But in the hype-strewn morass of American media culture, such praise comes cheap. Anyone can be an "innovator," from mall developers to shoe designers, and as such, the obits may have given the wrong impression of why Davis mattered.

Because Miles Davis wasn't just an innovator -- he was one of the two or three most important musicians jazz has ever seen.

Only Louis Armstrong and Charlie Parker can be said to loom as large in jazz history, and even their achievements don't quite have the resonance of Davis'. Admittedly, that's saying a lot, since Armstrong pretty much invented jazz improvisation while Parker pioneered bebop, achievements in music akin to Newton's discovery of gravity and Einstein's theory of relativity.

But Davis, though responsible for breakthroughs of his own, did something the others didn't: He kept on pushing his music, as if in constant search of newer and brighter frontiers.

He made his first big noise in 1949, as a 22-year old veteran of the Charlie Parker quintet who turned bebop on its head with the sessions that became "Birth of the Cool." He did it again a decade later, with the modal improvisations of "Kind of Blue," and several times in the '60s, as he incorporated electronic instruments and rock rhythms on "In a Silent Way" and the best-selling "Bitches Brew."

And each brought with it new possibilities, and new acolytes to pursue them.
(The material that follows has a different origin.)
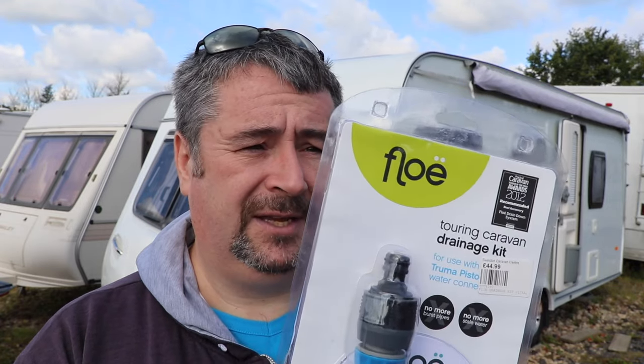So this morning I've been down to the dealership and I've purchased one of these. It's a flow kit, it's £45 — a fair old investment if you're interested in one of these. I want to answer the question whether they're a worthwhile investment, whether they're a waste of money, and how much liquid one of these will actually take out of the caravan when you're draining down.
Cool jazz, for instance, pulled away from bebop's frenetic

virtuosity to stress a more lyrical approach, and paved the way for jazzmen like Chet Baker, Lee Konitz and Gerry Mulligan. "Kind of Blue" changed the language of jazz improvisation and opened the door to the extended experiments of saxophonist John Coltrane. And Davis' mid-60s quintet, which included Wayne Shorter, Herbie Hancock, Ron Carter and Tony Williams, stands as the blueprint for the neo-traditional jazz of Wynton Marsalis and his followers.

To list all the noteworthy soloists who had been inspired or employed by Davis over the years would fill this column to overflowing. His influence on jazz fusion alone is incalculable; without him, there likely would have been no Mahavishnu Orchestra, no Weather Report and no Headhunters, for all were spin-offs of his electric jazz bands. Even Madonna can claim a debt, since Reggie Lucas, who produced her debut, was a Davis sideman in the '70s.

Yet none of that can begin to describe the beauty and power o his playing. Saying that Davis pioneered this form or developed that idea may look impressive in the history books, but it does nothing to describe the melancholy of his tone on " 'Round Midnight," the ineffable cool of his solo on "So What," or the plangent urgency of "Petits Machins."

His sound was so vivid and his output so varied that capturing its essence in print is all but impossible. A far better approach would be to do what I've done for the last two decades: listen. Get one of his albums out -- buy or borrow one if you have to -- and hear for yourself what made his music matter.

Because if you have any feeling at all for American music, you'll be the richer for it.